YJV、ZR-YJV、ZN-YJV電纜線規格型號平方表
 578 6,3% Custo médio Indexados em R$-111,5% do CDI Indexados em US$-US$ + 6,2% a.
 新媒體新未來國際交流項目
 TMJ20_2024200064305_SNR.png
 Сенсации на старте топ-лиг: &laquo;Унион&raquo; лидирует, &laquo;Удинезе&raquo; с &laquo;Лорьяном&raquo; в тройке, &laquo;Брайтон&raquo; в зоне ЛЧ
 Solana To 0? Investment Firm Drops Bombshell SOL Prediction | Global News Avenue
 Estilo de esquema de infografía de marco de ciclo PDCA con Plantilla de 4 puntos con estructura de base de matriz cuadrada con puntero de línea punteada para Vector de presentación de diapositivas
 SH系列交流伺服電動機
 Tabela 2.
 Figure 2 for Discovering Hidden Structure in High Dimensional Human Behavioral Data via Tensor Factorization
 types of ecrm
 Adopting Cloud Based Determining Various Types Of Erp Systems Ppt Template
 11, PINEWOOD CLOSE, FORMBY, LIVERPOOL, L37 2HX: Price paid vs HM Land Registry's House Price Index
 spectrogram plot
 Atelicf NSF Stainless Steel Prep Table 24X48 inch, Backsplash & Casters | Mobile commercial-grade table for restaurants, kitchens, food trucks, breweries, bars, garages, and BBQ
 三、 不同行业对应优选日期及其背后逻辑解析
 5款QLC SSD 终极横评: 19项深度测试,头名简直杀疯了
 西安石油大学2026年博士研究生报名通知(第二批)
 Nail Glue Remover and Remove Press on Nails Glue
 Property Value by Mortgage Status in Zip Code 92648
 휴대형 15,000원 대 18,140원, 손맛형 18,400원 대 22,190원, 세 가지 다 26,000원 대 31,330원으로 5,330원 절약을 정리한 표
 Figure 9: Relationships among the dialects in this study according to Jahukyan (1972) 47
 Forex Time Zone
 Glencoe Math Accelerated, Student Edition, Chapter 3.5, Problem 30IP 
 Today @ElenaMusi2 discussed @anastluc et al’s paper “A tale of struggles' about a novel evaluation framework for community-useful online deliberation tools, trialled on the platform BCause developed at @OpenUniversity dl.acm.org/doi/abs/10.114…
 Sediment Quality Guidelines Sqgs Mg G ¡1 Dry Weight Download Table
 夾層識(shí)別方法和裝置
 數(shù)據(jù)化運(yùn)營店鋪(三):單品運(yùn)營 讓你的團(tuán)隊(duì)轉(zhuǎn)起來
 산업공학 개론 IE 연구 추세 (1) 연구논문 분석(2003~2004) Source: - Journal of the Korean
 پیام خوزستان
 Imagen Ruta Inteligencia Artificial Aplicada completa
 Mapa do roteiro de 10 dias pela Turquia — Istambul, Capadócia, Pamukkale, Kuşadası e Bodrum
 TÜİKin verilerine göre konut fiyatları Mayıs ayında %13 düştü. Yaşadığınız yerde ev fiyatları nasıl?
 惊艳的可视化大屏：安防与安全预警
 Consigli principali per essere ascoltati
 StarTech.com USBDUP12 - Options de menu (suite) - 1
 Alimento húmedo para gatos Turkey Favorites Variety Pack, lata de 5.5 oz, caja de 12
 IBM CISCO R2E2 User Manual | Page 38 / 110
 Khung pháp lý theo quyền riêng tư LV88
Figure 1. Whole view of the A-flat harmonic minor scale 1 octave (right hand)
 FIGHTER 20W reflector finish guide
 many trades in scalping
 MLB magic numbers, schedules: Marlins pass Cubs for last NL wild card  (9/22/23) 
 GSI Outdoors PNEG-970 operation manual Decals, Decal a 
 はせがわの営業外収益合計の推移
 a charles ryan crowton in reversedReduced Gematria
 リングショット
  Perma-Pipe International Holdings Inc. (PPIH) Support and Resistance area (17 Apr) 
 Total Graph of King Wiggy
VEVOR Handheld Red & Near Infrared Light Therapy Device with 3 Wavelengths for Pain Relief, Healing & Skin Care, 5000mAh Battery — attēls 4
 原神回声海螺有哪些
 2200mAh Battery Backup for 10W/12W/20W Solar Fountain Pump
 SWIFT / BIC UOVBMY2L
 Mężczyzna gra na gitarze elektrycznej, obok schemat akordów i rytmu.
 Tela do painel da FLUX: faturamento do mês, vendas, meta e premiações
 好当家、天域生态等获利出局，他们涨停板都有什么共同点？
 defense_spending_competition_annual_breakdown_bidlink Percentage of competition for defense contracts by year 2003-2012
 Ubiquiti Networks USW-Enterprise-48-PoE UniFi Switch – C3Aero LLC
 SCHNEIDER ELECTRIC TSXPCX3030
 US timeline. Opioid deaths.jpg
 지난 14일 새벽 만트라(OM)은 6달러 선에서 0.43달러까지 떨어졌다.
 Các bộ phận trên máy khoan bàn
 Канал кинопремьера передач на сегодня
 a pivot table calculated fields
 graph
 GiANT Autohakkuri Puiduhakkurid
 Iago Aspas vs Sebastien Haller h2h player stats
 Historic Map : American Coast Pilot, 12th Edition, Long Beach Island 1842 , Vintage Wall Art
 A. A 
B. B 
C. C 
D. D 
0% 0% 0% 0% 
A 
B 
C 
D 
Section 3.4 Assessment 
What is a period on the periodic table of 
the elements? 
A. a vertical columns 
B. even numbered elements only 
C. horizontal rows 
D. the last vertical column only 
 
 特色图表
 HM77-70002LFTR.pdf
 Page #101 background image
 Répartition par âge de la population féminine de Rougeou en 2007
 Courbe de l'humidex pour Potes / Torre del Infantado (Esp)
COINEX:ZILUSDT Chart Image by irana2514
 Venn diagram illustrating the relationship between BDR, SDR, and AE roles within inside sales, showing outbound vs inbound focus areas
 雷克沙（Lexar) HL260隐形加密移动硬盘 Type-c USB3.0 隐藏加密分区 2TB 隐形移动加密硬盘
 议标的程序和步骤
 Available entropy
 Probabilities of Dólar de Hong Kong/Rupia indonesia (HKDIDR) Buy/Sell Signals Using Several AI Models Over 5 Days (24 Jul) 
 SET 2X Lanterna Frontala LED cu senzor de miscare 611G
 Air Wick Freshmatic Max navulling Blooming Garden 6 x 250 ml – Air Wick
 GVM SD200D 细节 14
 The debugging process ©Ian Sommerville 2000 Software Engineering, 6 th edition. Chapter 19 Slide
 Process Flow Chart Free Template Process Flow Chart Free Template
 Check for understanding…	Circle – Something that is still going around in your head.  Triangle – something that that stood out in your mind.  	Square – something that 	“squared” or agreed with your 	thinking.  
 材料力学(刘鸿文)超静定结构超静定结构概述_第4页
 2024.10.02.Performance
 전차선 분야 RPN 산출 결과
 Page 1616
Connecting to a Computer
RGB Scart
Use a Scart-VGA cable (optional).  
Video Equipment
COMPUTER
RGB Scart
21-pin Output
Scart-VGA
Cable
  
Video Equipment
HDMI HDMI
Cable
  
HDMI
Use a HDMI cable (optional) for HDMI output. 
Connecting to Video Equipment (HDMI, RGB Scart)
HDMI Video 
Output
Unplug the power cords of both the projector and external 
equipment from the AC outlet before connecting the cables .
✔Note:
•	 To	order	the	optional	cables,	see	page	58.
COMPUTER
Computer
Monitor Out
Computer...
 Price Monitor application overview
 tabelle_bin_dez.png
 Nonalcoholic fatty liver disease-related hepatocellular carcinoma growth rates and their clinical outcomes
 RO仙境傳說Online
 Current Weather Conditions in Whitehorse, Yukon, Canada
□ □ □ □ □ □ □
▶ To do
Beginning with the line in which "Connecting to Video" appears, set down each line through the last one in the listing, unchanged and with no extras.

▶ Written response
Connecting to Video Equipment (HDMI, RGB Scart)
HDMI Video 
Output
Unplug the power cords of both the projector and external 
equipment from the AC outlet before connecting the cables .
✔Note:
•	 To	order	the	optional	cables,	see	page	58.
COMPUTER
Computer
Monitor Out
Computer...
 Price Monitor application overview
 tabelle_bin_dez.png
 Nonalcoholic fatty liver disease-related hepatocellular carcinoma growth rates and their clinical outcomes
 RO仙境傳說Online
 Current Weather Conditions in Whitehorse, Yukon, Canada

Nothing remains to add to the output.